Task statement -
Beginning with the line that holds "Blossom Acrylic LED", write out each line exactly as it stands until the end of the data, and include no pictures.

*** Block opens ***

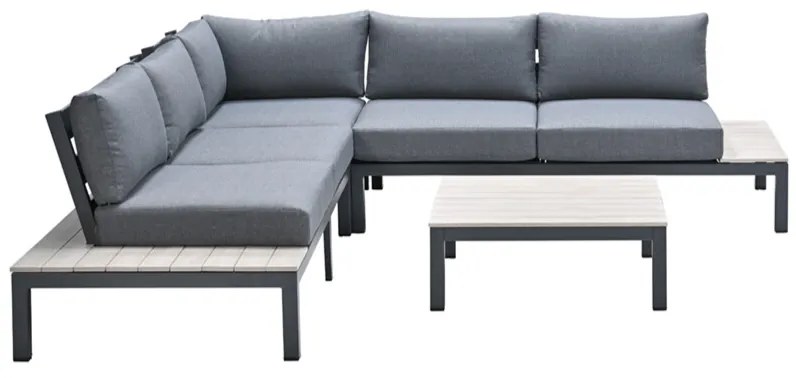Garden Impressions Nicolle loungeset - Carbon black - donker grijs - Op=Op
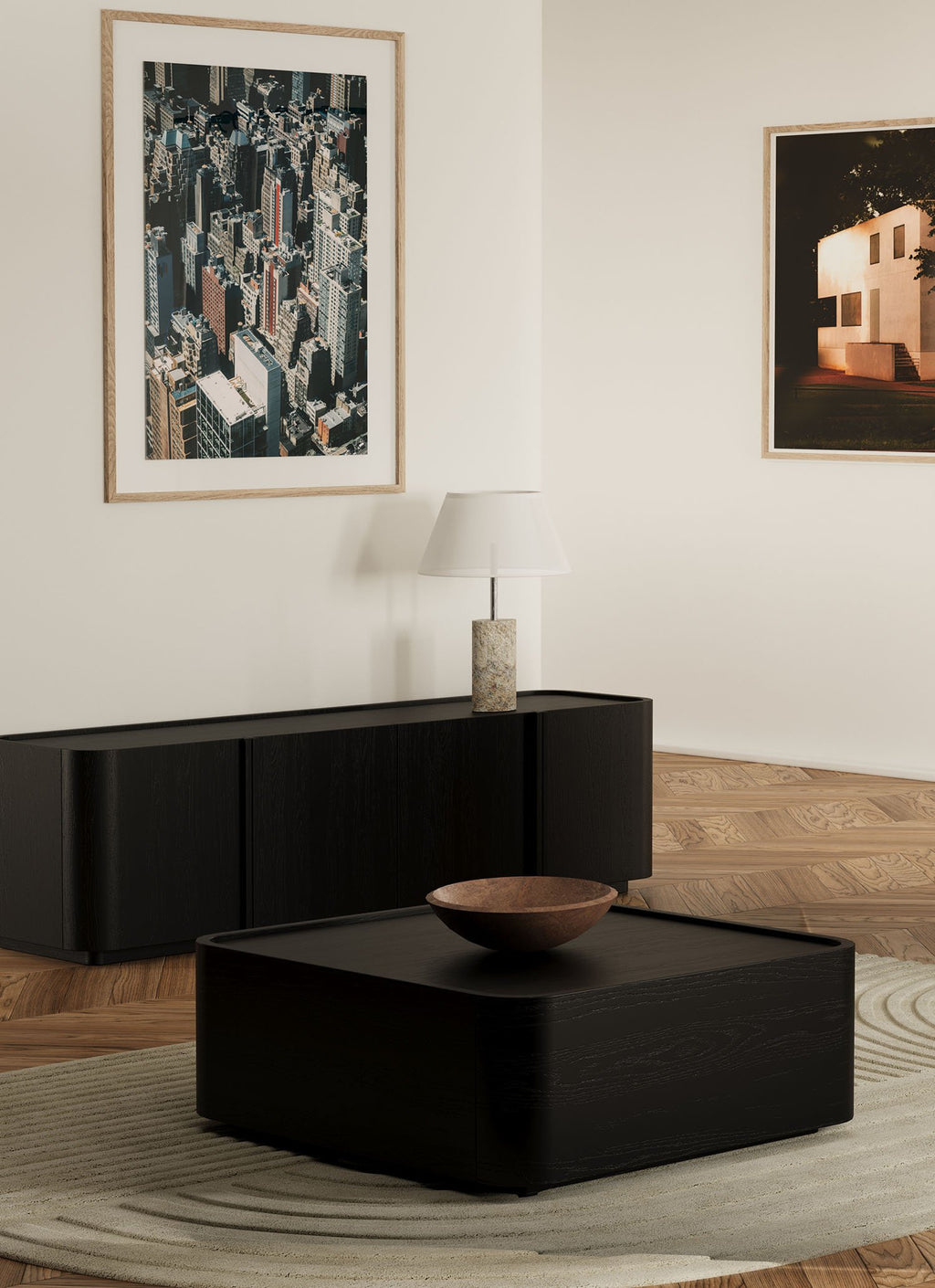 Leonard Coffee Table - Oak Black
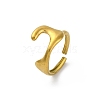 Irregular 304 Stainless Steel Open Cuff Rings for Women RJEW-M019-46G-2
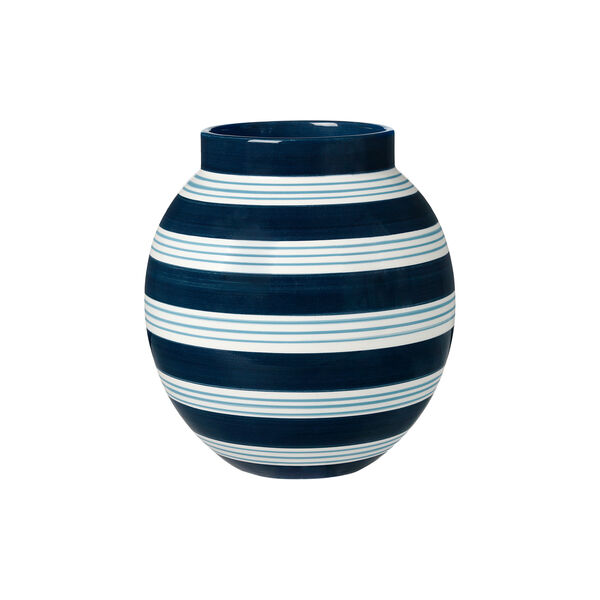 Omaggio Nuovo Vase, dunkelblau, K&auml;hler
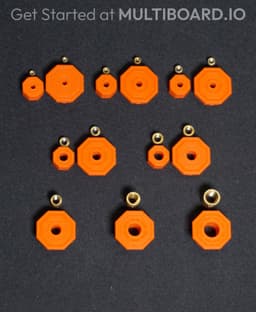 Heat Set Insert Snap - M6 Standard 3d model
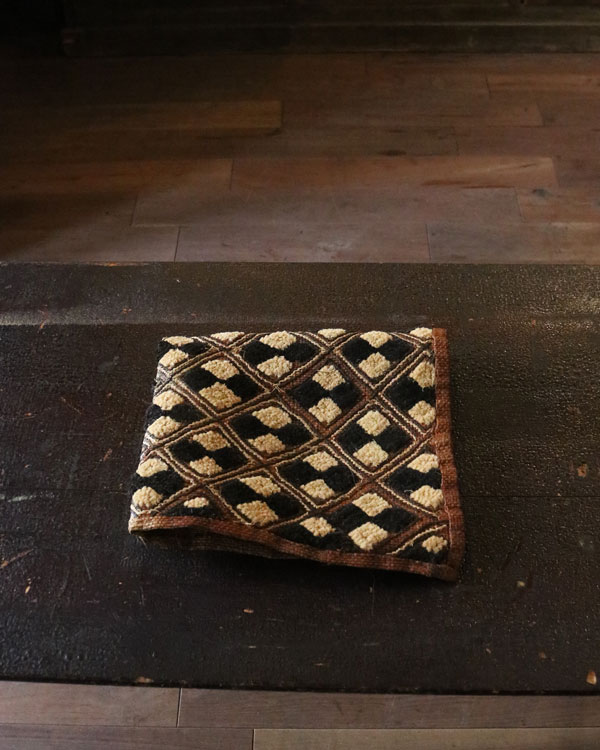 African Textile Kuba Fabric C｜アフリカンテキスタイル クバ布（草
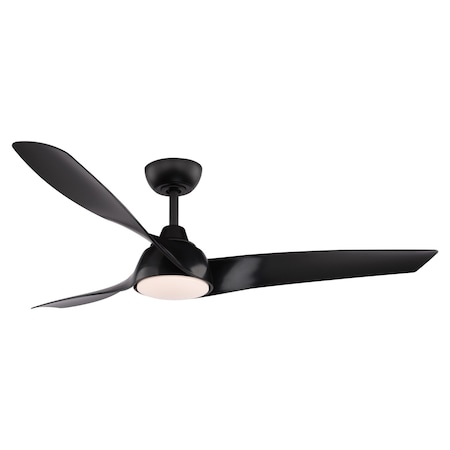 Vaxcel Crest Hill, 56 in, Black Ceiling Fan, Black Blades, LED, Remote, DC Motor F0145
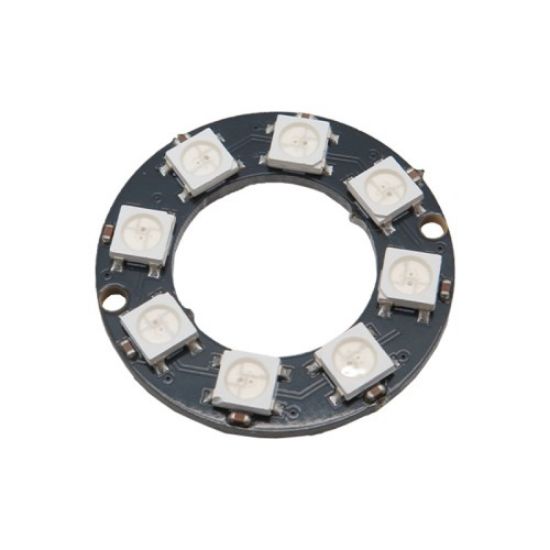 ماژول LED RGB تمام رنگ 8 بیتی WS2812 دایره ای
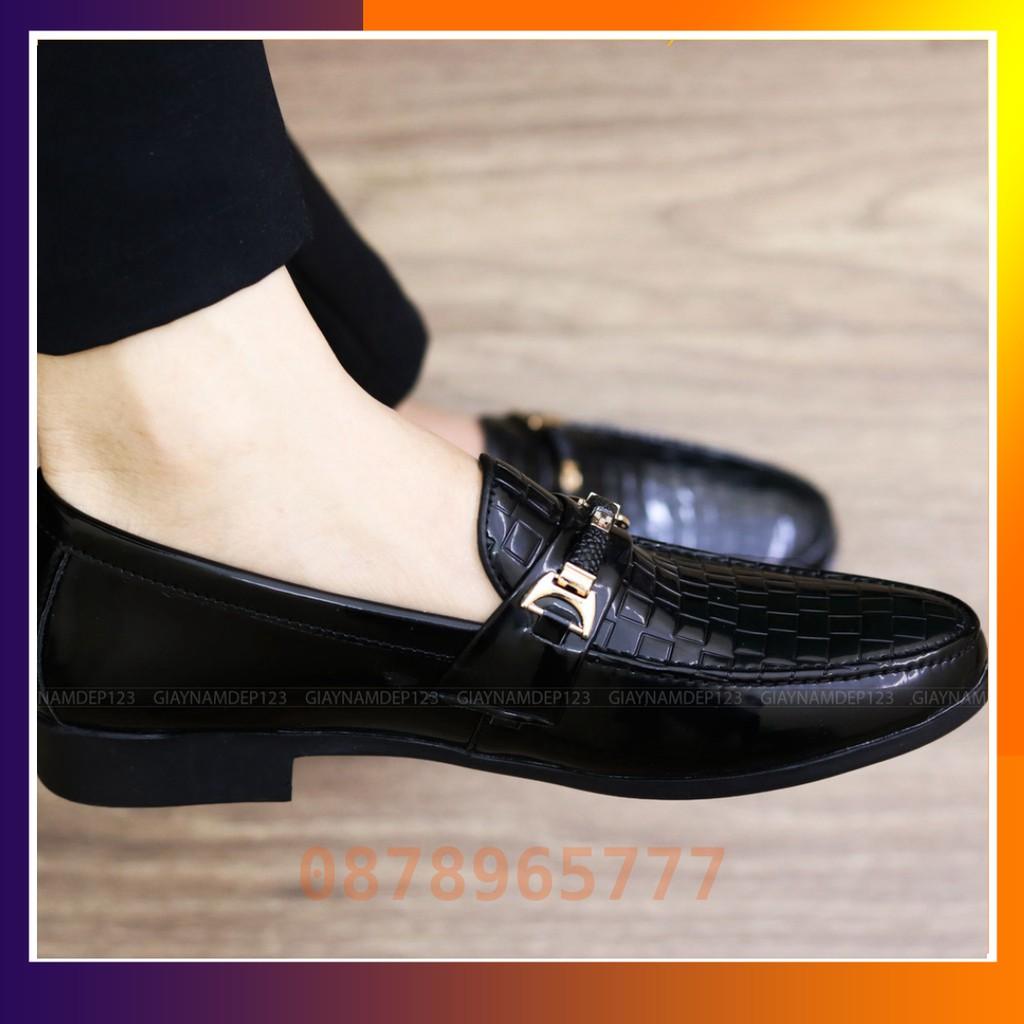 Giày Lười Nam Đẹp Giá Rẻ Da Bóng Mã L157 - SIZE 40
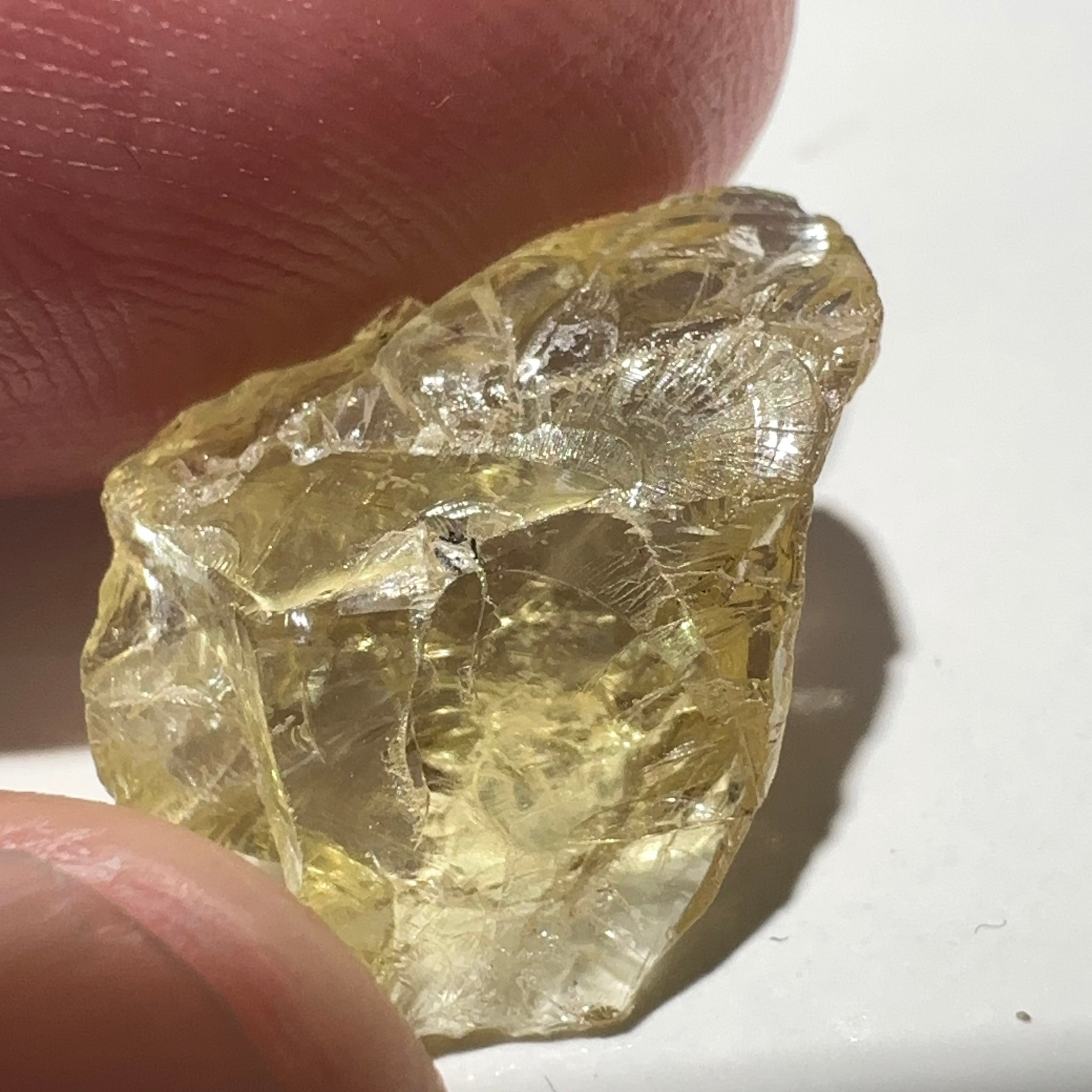 Heliodor, 8.19ct, Tanzania, Unheated Untreated, flattish shape, slightly Included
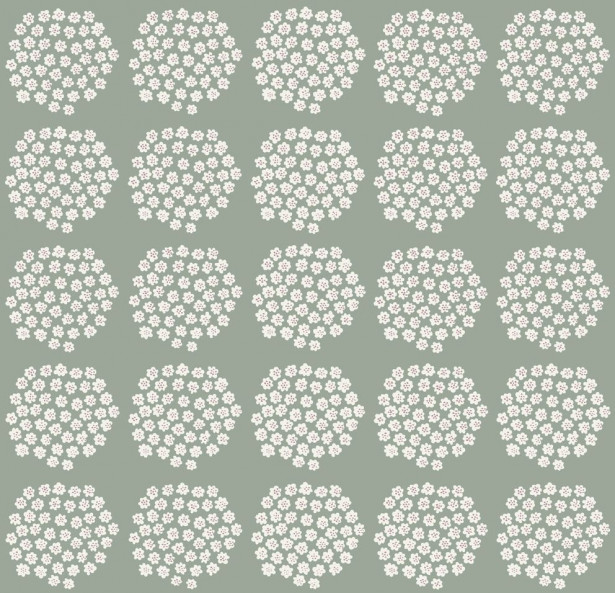 Tapetti Marimekko Puketti, vaaleanvihreä, 0.7x10.05m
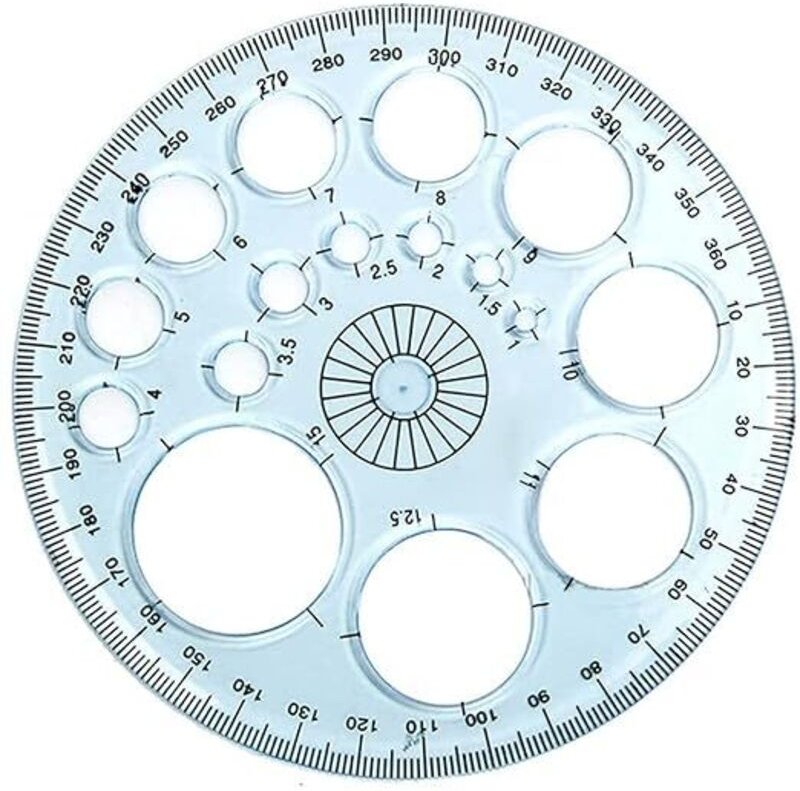 Ahlsen - Multifunktions-Geometrielineal, universelles Multifunktions-Zeichenlineal, Messwerkzeug für geometrische Zeiche...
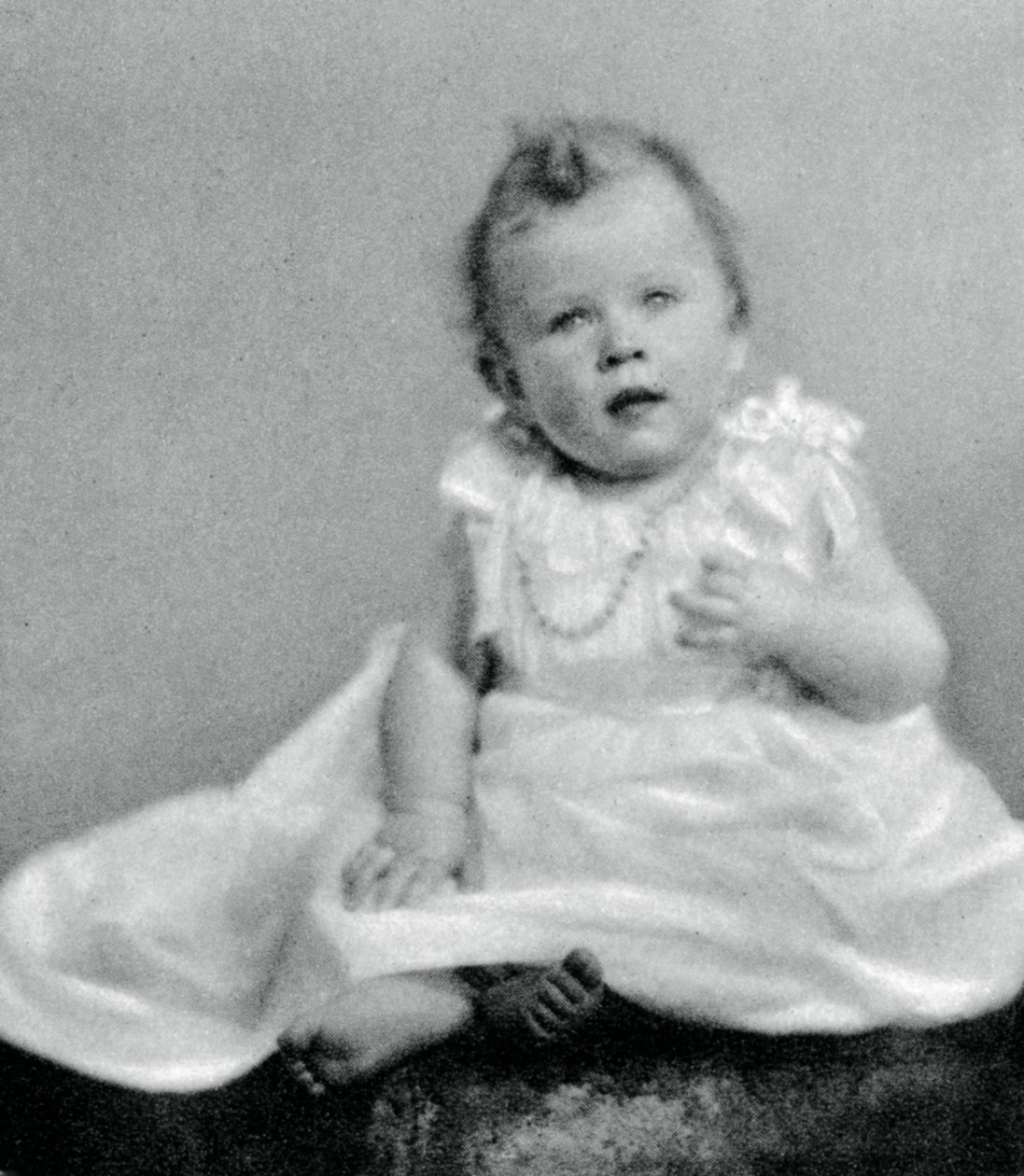 Księżniczka Elżbieta w 1926, gdy miała kilka miesięcy, 1937 autorstwa Unbekannt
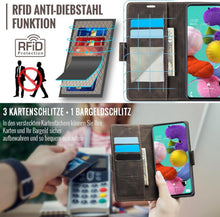 Handyhülle Samsung Galaxy A51 4G PU Leder RFID Schutz Kaffee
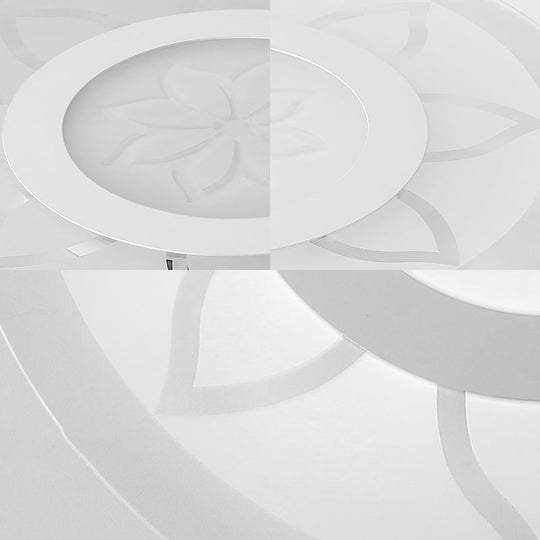 Blossom Acrylic LED Flushmount Ceiling Lamp in Warm/White, 8"/16.5"20.5" Wide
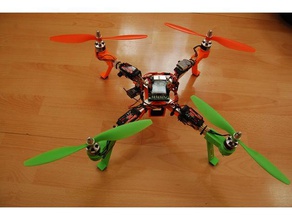 400mm quadcopter frame hobby Rahmen 3d print model - Mito3D
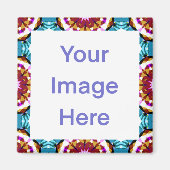 Farbenfroh Blau fett braun hell rosa Geometrie Magnet (Vorne)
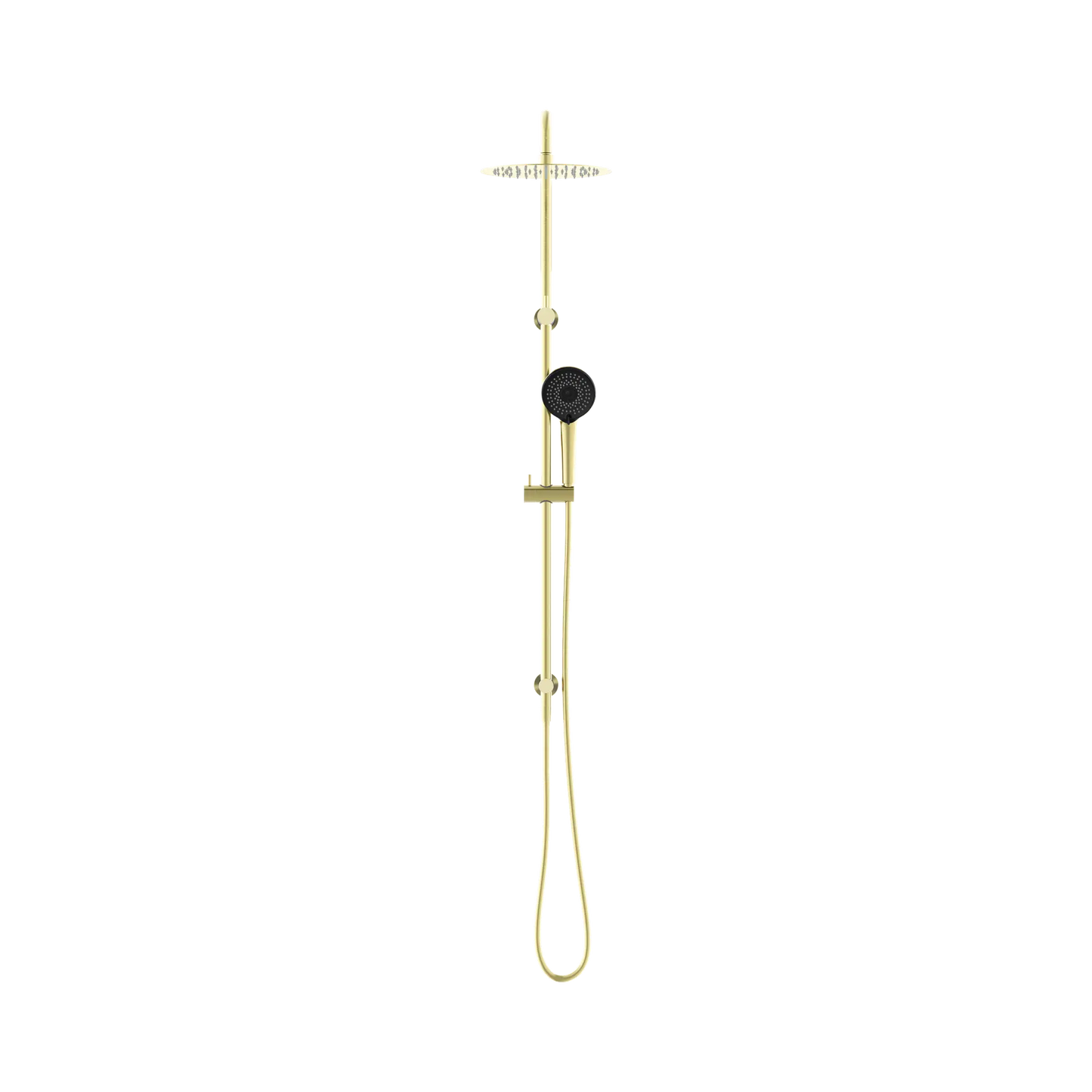 Round Project Twin Shower Brushed Gold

*** Block closes ***

Solution below -
 Blossom Acrylic LED Flushmount Ceiling Lamp in Warm/White, 8"/16.5"20.5" Wide
 400mm quadcopter frame hobby Rahmen 3d print model - Mito3D
 Farbenfroh Blau fett braun hell rosa Geometrie Magnet (Vorne)
 Round Project Twin Shower Brushed Gold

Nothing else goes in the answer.